Czerwony to Pomyślność
Zielony Szczęście
Niebieski Długie Życie
Pomarańczowy Postęp
i Różowy Przyjaźń
HOLI – Hinduskie święto kolorów przypadające na pierwszy dzień po pełni księżyca między lutym i marcem, w tym roku przypadający na 20 marca.
W poprzednim roku mieliśmy przyjemność bawić się poniedziałek 1 marca, zaraz po hucznej imprezce urodzinowej, na naszym dachu w Gurgaonie Ph III. Po Diwali jest to najważniejsze święto w Indiach łączone z bogiem Kriszną. W każdym stanie świętuje je się trochę inaczej, np. na południu, świętu holi patronuje Kama. Tradycja głosi, że tego dnia Kama został spopielony przez Śiwę, medytującego na himalajskiej górze Kajlas. Aby pamiętać o tych wydarzenia pali się ogniska zwane HOLIKA, odpędza się wtedy demony, a czasami również śpiewa się pieśni żałobne. Ale chyba wszędzie (wliczając w to Nepal) króluje wojna kolorowa.

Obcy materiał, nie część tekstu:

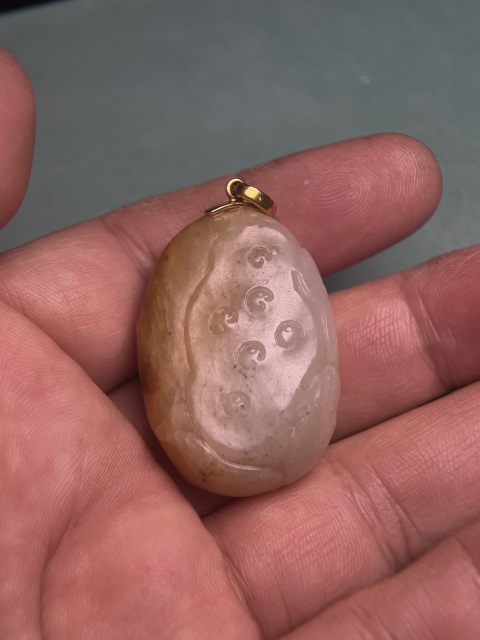 古玩玉器籽料連年有余墜拍賣，當(dāng)前價(jià)格15800元
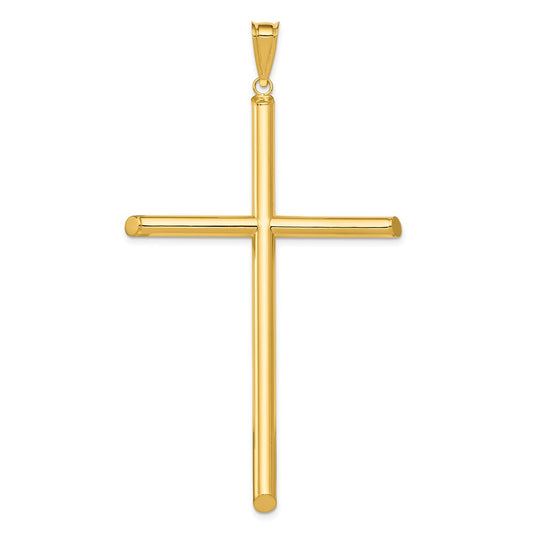 Million Charms 14K Yellow Gold Themed Polished Tube Relgious Cross Pendant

Ludzie na ulicach, jako i u nas w Śmingus Dyngus, nieważne czy obcy czy nie, oblewają się kolorową woda lub obrzucaja kolorowym proszkiem. Do tego pije się Bhang lassi – czyli koktajl jogurtowo-marihuanowy (to raczej głównie w Radżastanie. Jest to dzień wolny od pracy (i całe szczęście – patrz Bhang Lassi), kiedy wszyscy, łącznie z całym zwierzyńcem na ulicach (bo krowom też się dostaje) bawi się w kolory.
HOLI symbolizuje tez przejście zimy w lato (wiosna można powiedzieć trwa jakiś tydzień) i rzeczywiście. W marcu lampa się zdrowo rozkręca! Południami już jest niezły żar, a w nocy można już zrezygnować z przykrycia. Pogoda przypomina mi listopadową, kiedy tu przyjechałam. I też są to najlepsze miesiące na indyjskie podróżowanie – od polowy października do polowy grudnia (później dopada północnoindyjska zima, która jak taka lekka wcale nie jest) oraz luty – marzec. Potem z kolei robi się piekielnie gorąco.
Wesołego Holi!!!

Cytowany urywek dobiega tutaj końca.